Closed pjcozzi closed 2 years ago

pjcozzi commented 3 years ago

This is a roadmap item for an idea we have discussed but I don't think we have written down.

3D Tiles is basically:

3D Tiles Next is basically

As we look to metaverse use cases such as

3D Tiles has the opportunity to broadly solve spatial subdivision and metadata interoperability, e.g.,

  1. Spatial subdivision with USD as the tile payloads
  2. Spatial subdivision within a glTF file with glTF nodes as the payload
  3. glTF asset with just the metadata extensions to describe a car that can be imported into multiple metaverses
  4. USD asset using a metadata semantic extension and the core metadata type system, but a USD-appropriate encoding

I believe some of these use cases are already possible (3 for sure) and that others are just about there so this could be more about positioning, documenting, and inspiring than any major changes. Just asking that we have the decoupling thought through and the big metaverse ecosystem interoperability vision in mind.

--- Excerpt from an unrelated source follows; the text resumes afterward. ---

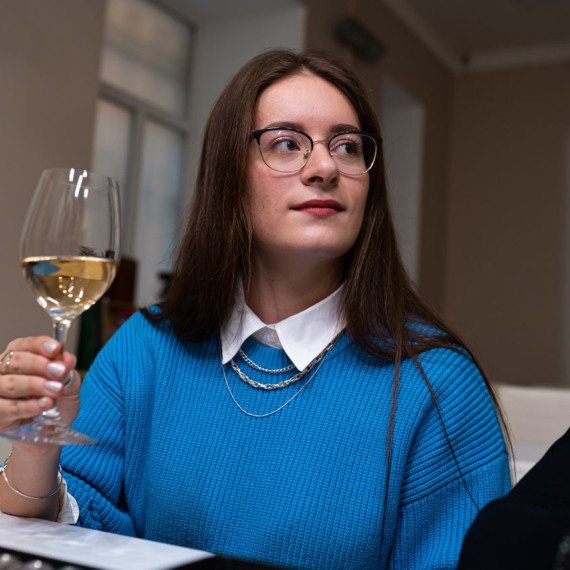 Женщина поднимает бокал с вином на праздничном обеде в уютном ресторане. Главное фото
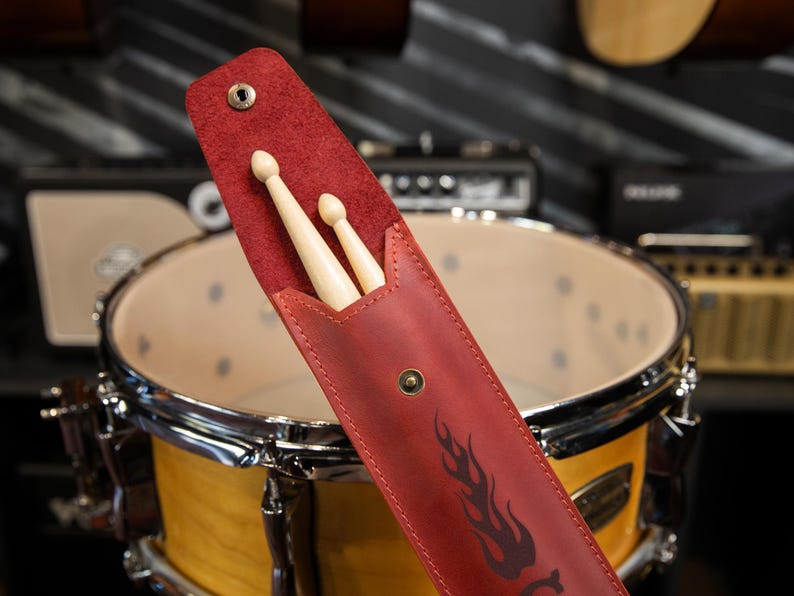 May include: A red leather drumstick case with a flame design, holding two wooden drumsticks. The case is open, revealing the sticks, and is positioned in front of a drum set.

CC @donmccurdy @lilleyse @ptrgags

ptrgags commented 3 years ago

1) we haven't talked about USD before, but there's nothing stopping one from defining a 3DTILES_content_USD (perhaps with a better name, to a newcomer that might sound like you're storing money in a tileset...) extension someday. 2) That's a big question, "should 3D Tiles 2.0 be a single binary file that's more glTF like?... should 3D Tiles 2.0 be a glTF + extensions?" 3) that can be supported with EXT_mesh_features today, just create a car class. For interoperability, A. The game industry would have to define what set of standard semantic values (e.g. CAR_PAINT_COLOR, CAR_MANUFACTURER, CAR_FUEL_EFFICIENCY) they want to use and B. would probably make sense to make an external schema JSON for the class definition so it can be shared. 4) I've never worked with USD files before so not sure the technical details here. One could define a USD extension to add metadata using concepts from the Cesium 3D Metadata specification. This would be similar to how EXT_mesh_features brings metadata capabilities to glTF.

Does USD makes sense in a 3D Tiles context? I think this needs more context and understanding of the USD format on my part. Is the goal still to stream tiles over a network? or is it meant to be packaged with the assets for a game client? is USD optimized for efficient transmission? what about runtime use?

pjcozzi commented 3 years ago

@ptrgags

Also I should have explicitly mentioned another metaverse / AR use case:

donmccurdy commented 3 years ago

One comment on (3) and "glTF asset with just the metadata extensions" —

EXT_mesh_features is geared toward "features", loosely defined as space-occupying subcomponents within an optimized mesh or texture. This will be very useful for metadata about details in complex scenes. When talking about metadata that describes the entire asset, or non-spatial concepts within it (materials, audio, etc.) we might be more in the territory of KHR_xmp_json_ld metadata. But either way, this can be represented.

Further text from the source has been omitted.